The order of magnitude of the location parameter, location = 2.84, is reasonable according to the histogram plotted in task 3.1. In the histogram of the maxima, the highest value of the density (the mode) is around 2.5. Therefore, a location parameter close to 2.5 is reasonable.
Task 4.2:
Assess the goodness of fit of the selected distribution using the exceedance probability plot in semi-log scale.
Consider the following questions:
- How well do the probabilities of the fitted distribution match the empirical distribution? Is there an over- or under-prediction?
- Is the tail type of this GEV distribution appropriate for the data?
def ecdf(var):
x = np.sort(var)
n = x.size
y = np.arange(1, n+1) / (n+1)
return [y, x]
x = np.linspace(0, 18, 100)
fig, axes = plt.subplots(1,1, figsize=(5,4), layout='constrained')
axes.step(ecdf(data['Chla'].iloc[weekly_max])[1],
1-ecdf(data['Chla'].iloc[weekly_max])[0],
'cornflowerblue', label = 'Weekly maxima')
axes.plot(x, 1-stats.genextreme.cdf(x, *params), 'k--', label = 'GEV fit')
axes.set_xlabel('${Chla \ [mg/m^3]}$')
axes.set_ylabel('${P[X > x]}$')
axes.grid()
axes.set_yscale('log')
axes.legend()
<>:15: SyntaxWarning: invalid escape sequence '\ '
<>:15: SyntaxWarning: invalid escape sequence '\ '
/tmp/ipykernel_2115/1203288900.py:15: SyntaxWarning: invalid escape sequence '\ '
axes.set_xlabel('${Chla \ [mg/m^3]}$')
<matplotlib.legend.Legend at 0x7fe2ec514e00>
Solution 4.2:
Overall, the fit seems satisfactory capturing the shape of the tail. There are larger discrepancies between 7.5 and 12 \(mg/m^3\) leading to underprediction of the exceedance probabilities but the tail seems to be adequantly represented with no clear under- or overestimation.
Part 5: Return levels#
Task 5.1:
Given that the fishes might have problems growing with concentrations over 10 \(mg/m^3 \ ^*\), what is the weekly probability of exceeding such concentration? What is the return period associated to that probability?
\(^*\): This value is not realistic and only meant for academic purposes.
non_exceed_prob = stats.genextreme.cdf(10, *params)
return_period = 1 / (1 - non_exceed_prob)
print(f'The probability of exceeding a Chla concentration of 10 mg/m3 is', np.round(1-non_exceed_prob, 2))
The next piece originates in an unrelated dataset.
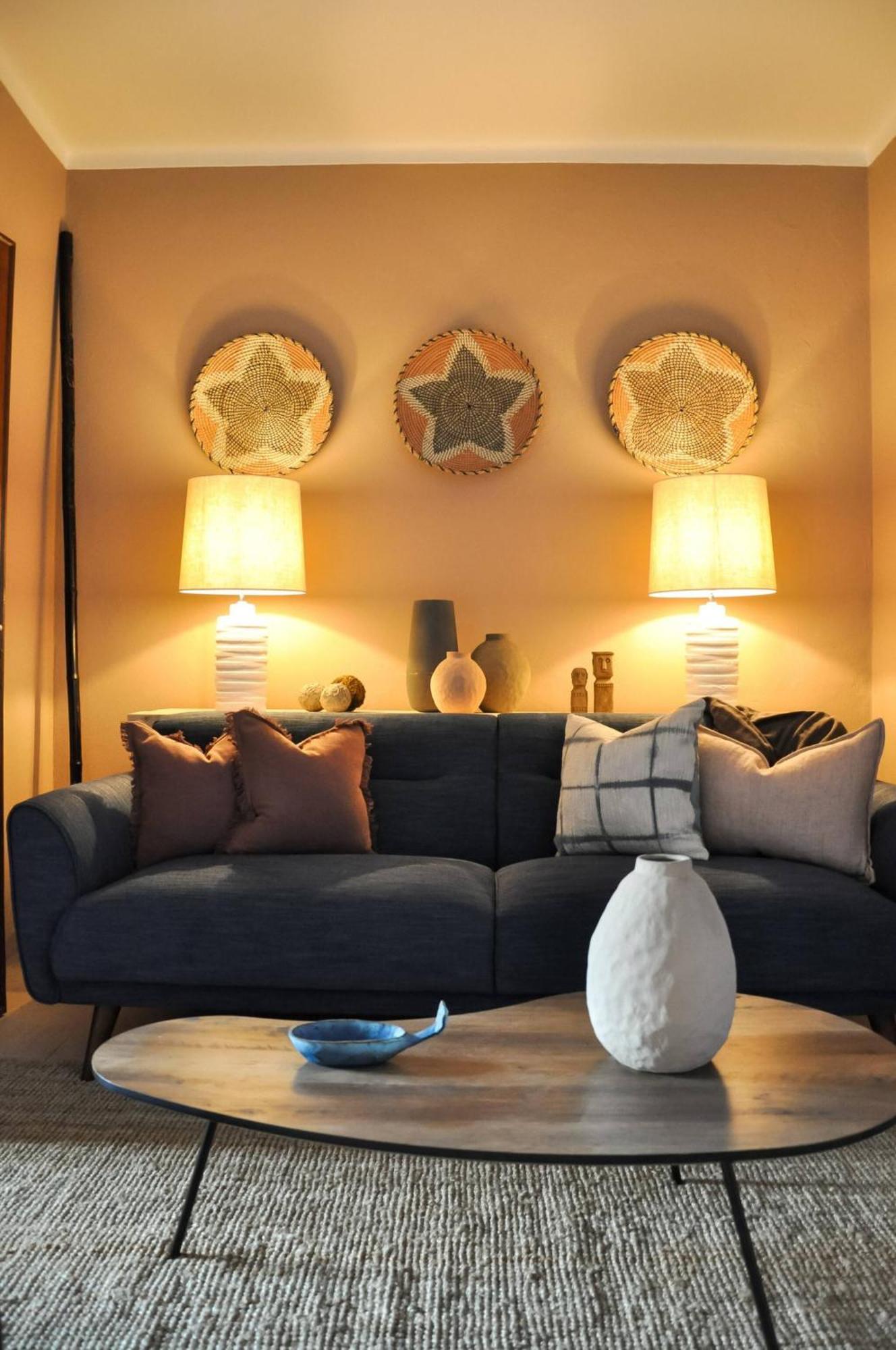 Appartement Casa Salinas, Elegant Flat W Patio In Taviras Historical Centre Extérieur photo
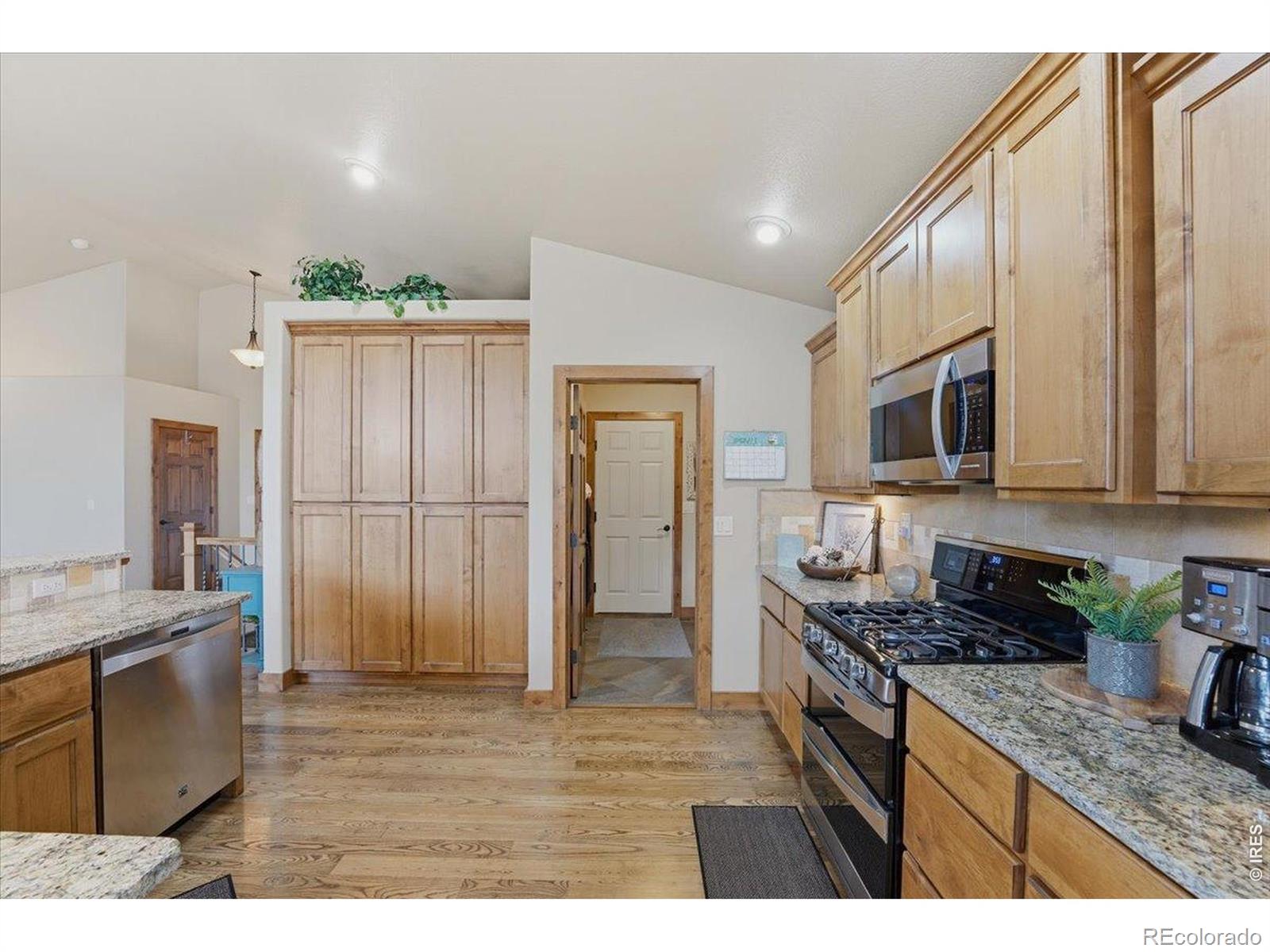 MLS Image #9 for 1742  platte river court,windsor, Colorado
print(f'The return period of a Chla concentration of 10 mg/m3 is {return_period:.1f} weeks')
The probability of exceeding a Chla concentration of 10 mg/m3 is 0.11
The return period of a Chla concentration of 10 mg/m3 is 9.0 weeks
Task 5.2:
Plot the return level plot in months. This is, plot in the x-axis the values of the random variable, \(Chla\), and in the y-axis the return periods in months and in log-scale. You can plot it from 0 to 20 \(mg/m^3\).
x_chla = np.linspace(0, 20, 100)
non_exceed_prob_rt = stats.genextreme.cdf(x_chla, *params)
return_period_weeks = 1 / (1 - non_exceed_prob_rt)
return_period_months = return_period_weeks / 4.345 # weeks per month in average
fig, axes = plt.subplots(1,1, figsize=(5,4), layout='constrained')
axes.plot(x_chla,return_period_months, 'k')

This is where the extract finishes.